弊社では、タレントアセスメントやデベロップメントを中心としたリサーチ活動を行っています。今回の研究レポートでは、重用されやすい/されにくい人材のリーダータイプに焦点を当て、能力・パーソナリティ・その他諸要素について調査・研究した結果を前編と後編に分けてご紹介します。
人材の登用における問題意識
皆様の会社において、「あの人は優秀だからマネジャーに昇進したのは当然だ」という声が上がることもあれば、「なぜあの人はリーダーに任用されないのだろう?」と疑問を抱いたことはありませんでしょうか?
私たちの前回の研究では、
●プロアクティブ行動(個人が組織内において、将来を見越して変化をもたらす目的で起こした主体的な行動(Bindle & Parker,2010))、つまり外向性・主体性・能動性に関わる発揮行動や、そのような特性を持つ人が組織の中で注目されがちであること
●静かな要素もプロアクティブ行動の中に含まれている可能性があること
を提唱しました。
※プロアクティブ行動、静かな要素などの詳細は前回の研究からご参照ください。
※前回の研究はこちら:前編/後編
今回は、前回の研究から視点を広げて、現場での評価の在り方に着目しました。 具体的には、実務の場面においては能動的・積極的なタイプの人が評価されやすく、抜擢の機会が偏る可能性があると考えました。同時に、そのような評価の仕組みの中では、正当な評価を受けにくい人がいる可能性にも注目しました。さらに、「能動的・積極的」「静か」といった特性だけでなく、その他にも多様な行動や特性が存在するのではないかという仮説を立て、検討を行いました。
研究目的・課題
上記をふまえ、実務の中で注目や評価、抜擢が顕著に表れる昇進・昇格の場面にフォーカスし、傾向をより分かりやすくするために人材を‘タイプ’に括り直して調査・研究を進めました。よって、本研究の目的を「人材の任用・配置に向けた課題の特定(人材タイプ多様性の視点から)」としました。
前編では、能力やパーソナリティに関する調査の内容と結果をお伝えします。
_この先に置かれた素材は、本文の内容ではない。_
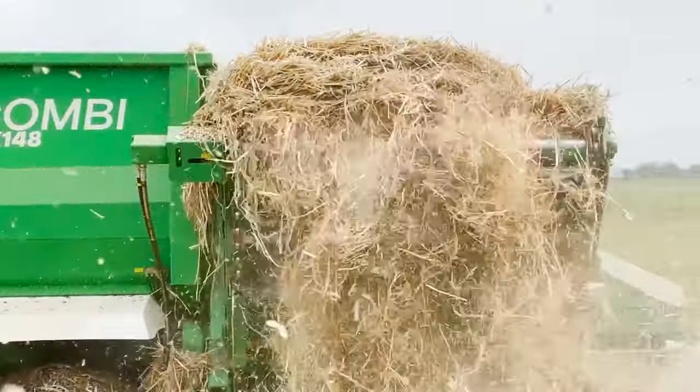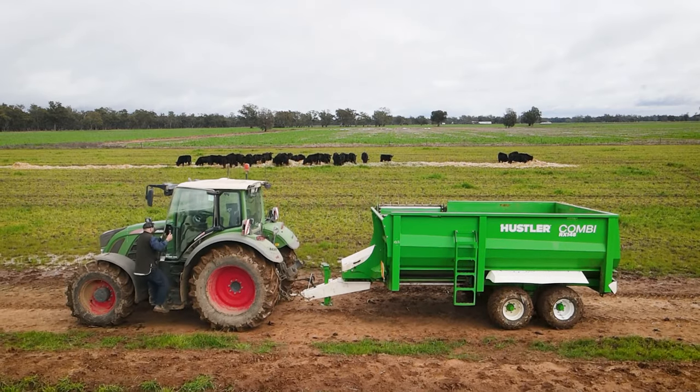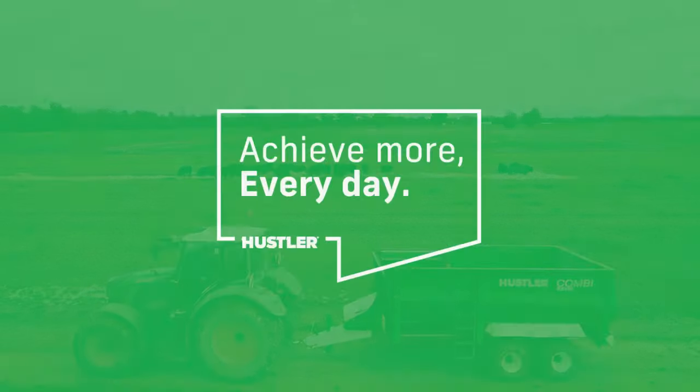Time is the biggest commodity wasted on a farmer. The best thing about the Hustler for us is that pre-Hustler it was taking nearly half a day when we were in the drought feeding, and now we can feed more cattle in two or three hours in the morning. It makes life easier.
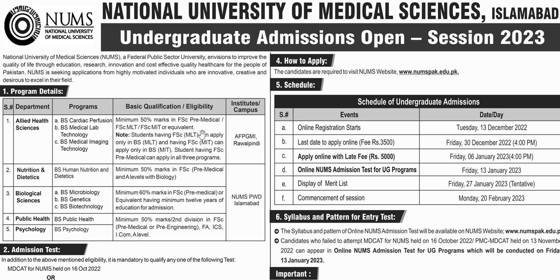If a student has 50% marks in FSC Pre-Medical, they can apply. FSC MLT students can apply to BS MLT only. FSC MIT students can apply to BS MIT only. But FSC Pre-Medical students can apply to BS MLT, BS Biological Science, BS Microbiology, BS Genetics, and BS Biotechnology.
後編では、能力・パーソナリティに関連する、その他のいくつかの要素も含めてさらに調査した結果や考察をお伝えします。
昇進・昇格における「能力」に関する調査および結果
企業内でどのような人材が任用・登用されているかを明らかにするため、選考時にアセスメントセンターメソッドを採用している非製造業(従業員規模5,000名以上)2社のマネジメント層への任用データを収集し、人材グループの観点から解析を行ったところ、図表1の結果になりました。
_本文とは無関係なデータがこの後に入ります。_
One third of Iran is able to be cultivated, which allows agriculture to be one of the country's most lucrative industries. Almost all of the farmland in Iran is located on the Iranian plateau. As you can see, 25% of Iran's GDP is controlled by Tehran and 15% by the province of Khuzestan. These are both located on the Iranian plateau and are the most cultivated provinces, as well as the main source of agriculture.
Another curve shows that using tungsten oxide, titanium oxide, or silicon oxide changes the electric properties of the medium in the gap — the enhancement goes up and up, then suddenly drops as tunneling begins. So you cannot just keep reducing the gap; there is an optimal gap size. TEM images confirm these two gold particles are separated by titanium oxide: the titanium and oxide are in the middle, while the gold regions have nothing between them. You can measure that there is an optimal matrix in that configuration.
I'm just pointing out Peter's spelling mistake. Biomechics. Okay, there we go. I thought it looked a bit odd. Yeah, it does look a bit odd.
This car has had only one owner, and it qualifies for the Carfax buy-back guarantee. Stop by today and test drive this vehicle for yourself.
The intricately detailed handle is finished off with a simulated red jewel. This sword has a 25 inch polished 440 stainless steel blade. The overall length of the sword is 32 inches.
図表1 昇進・昇格における人材グループ群の能力特性と構成比

結果から、大きく2つの傾向が見られました。
【任用される可能性が高い人材】
・「新たな取り組みは少ないが、組織を率先してリードする人材」(30.0%)
・「創造性は不足するが、組織のリソースを有効活用しながら着実に目標達成に向かう人材」42.9%)
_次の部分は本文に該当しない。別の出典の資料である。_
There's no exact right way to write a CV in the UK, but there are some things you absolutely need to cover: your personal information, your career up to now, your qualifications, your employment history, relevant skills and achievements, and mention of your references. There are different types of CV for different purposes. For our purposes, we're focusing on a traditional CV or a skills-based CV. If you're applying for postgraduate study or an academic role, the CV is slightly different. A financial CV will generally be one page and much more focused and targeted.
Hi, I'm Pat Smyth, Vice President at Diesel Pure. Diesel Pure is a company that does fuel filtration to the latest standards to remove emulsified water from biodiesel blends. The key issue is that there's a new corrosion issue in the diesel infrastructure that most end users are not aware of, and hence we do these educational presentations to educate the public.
つまり、組織のリソース活用、他者の巻き込みができる人材が、任用される割合が最も高い結果となりました。
【候補者として敬遠(回避)される傾向にある人材】
任用される可能性が高い人材と比べて、「他者の巻き込みは弱いが戦略・計画で組織をリードする」の割合が下回っていました。この特徴を持つ人材は、候補者として選抜される割合が2社ともに最も低いことから、
自ら戦略計画を練り上げられたとしても、他者をリードする力強さが不足する人材は敬遠(回避)される傾向があるのではないかといったことが考えられます。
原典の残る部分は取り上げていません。